7:42 a.m.  Cloudy.  Passing through San Carlos.  Runner in red sweatshirt turning off the main road, the El Camino Real, and onto hilly side-road.  "Belmont  --  transfer point for 250, 252 Caltrain" (announcment over the intercom).  I look left.  "Belmont Hardware," gray letters above large facade windows.  This road goes uphill.  The houses are built against the hill, terrace-style, behind each other and behind the main row of random and small businesses.  Green light again.  Sound of the bell coming through.  We're at 42nd Avenue, San Mateo . . . . My travel partner sleeps on the solid-blue vinyl bench seat in front of me.  Doors open  --  the bus has stopped.  I look left again  ---  "San Mateo Investment Co.

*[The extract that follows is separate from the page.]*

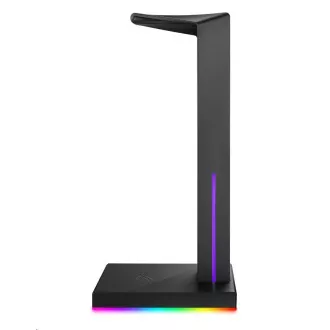 ASUS stojan na sluchátka ROG Throne Qi ASUS stojan na sluchátka ROG Throne Qi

Real Estate," yellow square sign not too prominent.  Passed "The Pantry -- Breakfast -- Lunch -- Dinner" to the right.  Passed now a gargantuan Barnes and Noble, left of us.  Store still open for business (all the Borders stores near us recently closed).  Lots of glass in the multi-storied facade.  The low single-story plane of lengthy Hillsdale Shopping Centre follows the street, Macy's, Nordstrom's, et al.  I look to the left again (having for awhile focused my sight on my writing page):  "Peninsula Clock Shop -- Antique and Modern Clocks -- Sales -- Repairs -- Restorations -- (650)-345-2460" reads the hand-painted signage on the building front.  They even have a clock with Roman numerals, which reads 7:58 a.m.  Our stopped bus goes on.  My good friend sleeps.  It's a caterpillar bus; it rises in places as we follow the slight grade, still on the El Camino Real.  Under the shadowy underpass, and out again into the light we go, rather slowly.  People talk here and there.  The bus is filling.  The fare-box beeps again.  And footsteps come my way as I sit here, passenger and writer of the moment at hand. . . . .    
 
The sun comes out and shines on the wood-shingle face of a three-tiered apartment building.  Our bus takes on another passenger filling the box with coin after coin.  And a mighty and old row of towering tall and pealing Eucalyptus border the roadside.  And as we continue on, and as I look forward out the window-glass I see more of the group  --  the trunks swirl in vari-colored beige and brown peeling manes.  The umbrage is only at the top, higher than all the apartment buildings and a church and houses and others that find themselves here on the Old Real.  The road is rough.  The bus shakes and the roadway dips the two sections of the bus  --  we rise at times like a ship on a swell, and then down again as we point the way.  My legs shake, paper, everything and here we stop, for just a moment at the light  --  "Classic Cleaners," "Little Lucca."  The vista opens, the clouds (gray, dark gray) begin to separate.  And the sun casts shadows on this very paper.  "Walgreens" (automatic doors).  Here we are in the City of Milbrae, transfer point  --  facade looks like a prehistoric bird,  boarding platforms are on the second story.  I call it the pod  --  the departure points are placed around a circle; and the roof (the "wings") are literally raised off their pillars.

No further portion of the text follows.